In one of the latest plus for the burgeoning crypto industry, the US Department of Justice (DoJ) has announced that it is willing to reward people who provide it with “information on foreign malicious cyber activity against U.S. critical infrastructure.” The department further revealed that it could reward the informant with as much as “$10 million” and it could be paid in “cryptocurrencies.”
The DoJ revealed that its new announcement is part of its Rewards for Justice (RFJ) program. Per the agency, informants would get up to $10 million “for information leading to the identification or location of any person who, while acting at the direction or under the control of a foreign government, participates in malicious cyber activities against U.S. critical infrastructure in violation of the Computer Fraud and Abuse Act (CFAA).”
The RFJ program was launched in 1984 by the Act to Combat International Terrorism. According to its website, the aim of the program is “bring international terrorists to justice and prevent acts of international terrorism against U.S. persons or property.” And since then, the program has rewarded up to 100 people with almost $200 million.

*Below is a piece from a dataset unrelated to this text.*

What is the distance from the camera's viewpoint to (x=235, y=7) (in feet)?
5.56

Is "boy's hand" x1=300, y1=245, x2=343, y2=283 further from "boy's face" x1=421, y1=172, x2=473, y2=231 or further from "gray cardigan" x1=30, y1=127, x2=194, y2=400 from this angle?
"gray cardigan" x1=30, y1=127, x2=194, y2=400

To protect its informant, the program has a “Dark Web (Tor-based) tips-reporting channel” which helps to protect the identity of its sources from the malicious players.
Crypto Attorney for DoJ
It would be recalled that the government agency is also trying to recruit an attorney that would be saddled with trying crypto-related cases. This is part of its wider efforts towards policing the crypto industry.
According to the notice published by the DoJ, its recruitment efforts falls under “its digital currency initiative” with the position’s responsibilities includes “identify(big) unexploited opportunities to target for criminal prosecution the professional money launderers, money transmitters, gatekeepers, and financial institutions.”